Retype the listing below line for line, but only from the line with "Honeywell 空气净化器消毒机去除甲醛除菌家用卧室全屋净化机H-max 券后7999元" down to the line with "T-shirt Visage du cookie", inclusive. Pictures stay out.

§ **Exercise data**
* * * *

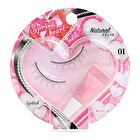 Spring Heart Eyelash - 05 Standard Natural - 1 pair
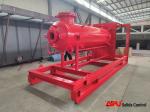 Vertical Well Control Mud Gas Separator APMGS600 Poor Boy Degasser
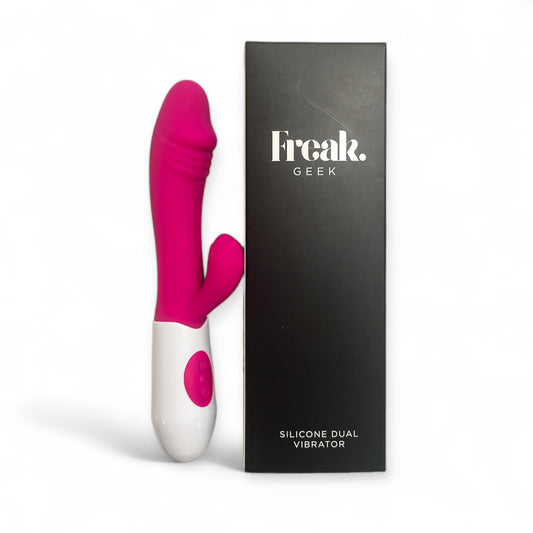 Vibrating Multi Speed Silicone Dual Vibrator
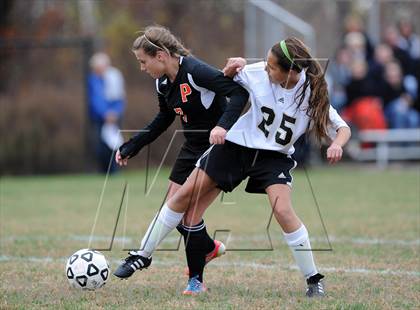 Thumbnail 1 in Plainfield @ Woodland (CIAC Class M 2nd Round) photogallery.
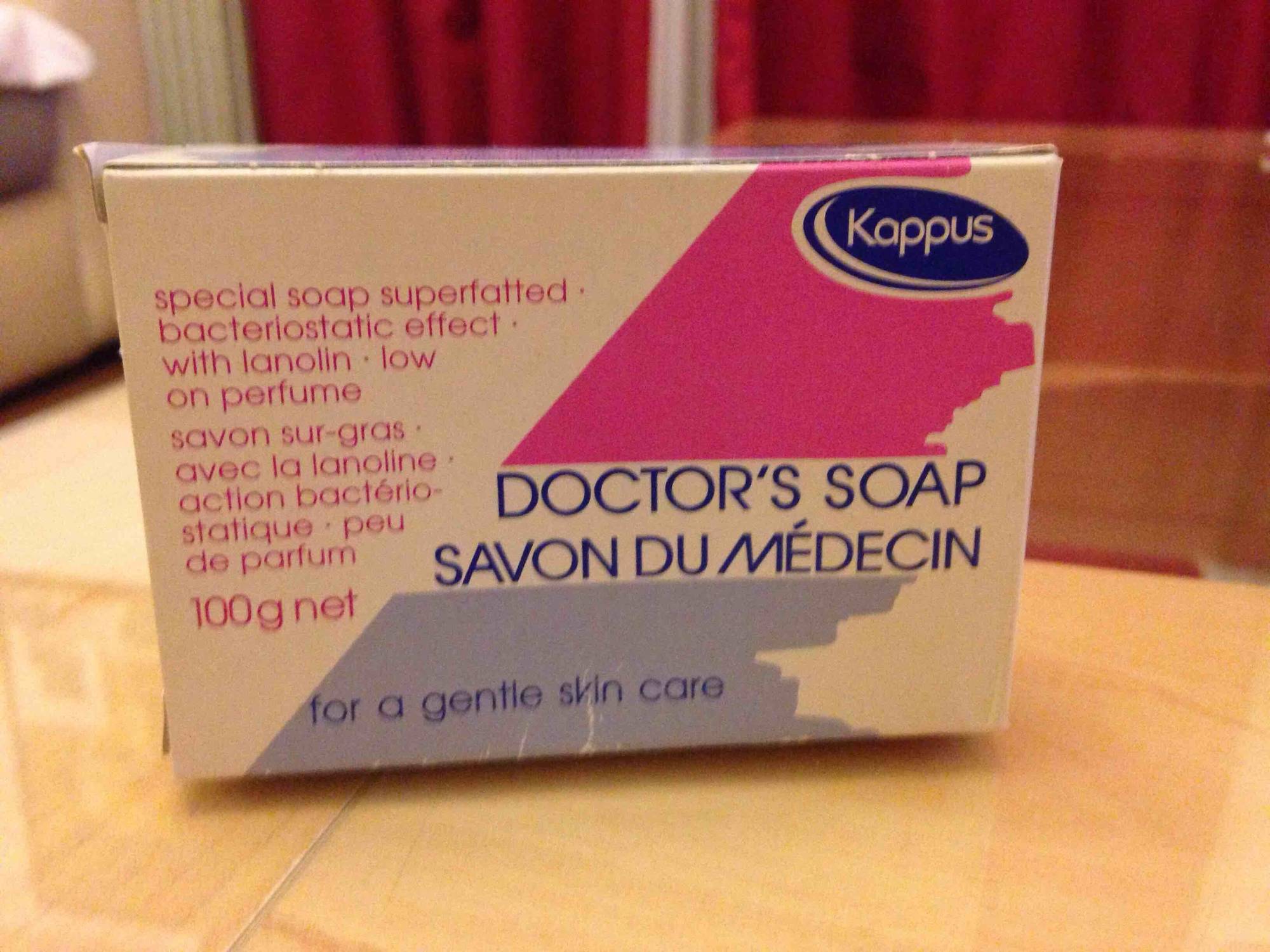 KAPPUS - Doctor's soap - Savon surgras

* * * *

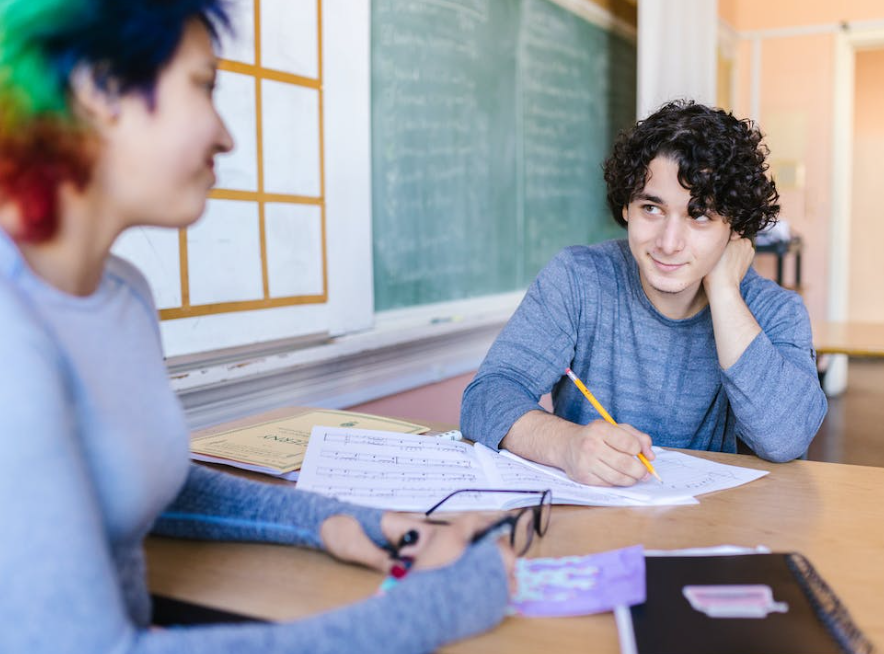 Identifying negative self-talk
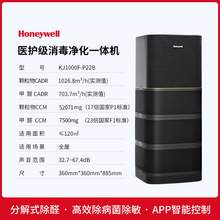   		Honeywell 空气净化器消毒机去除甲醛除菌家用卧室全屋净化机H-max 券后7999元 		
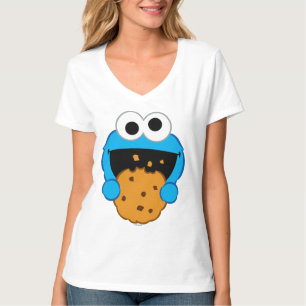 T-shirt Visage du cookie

* * * *

§ **Your response**
   		Honeywell 空气净化器消毒机去除甲醛除菌家用卧室全屋净化机H-max 券后7999元 		
 T-shirt Visage du cookie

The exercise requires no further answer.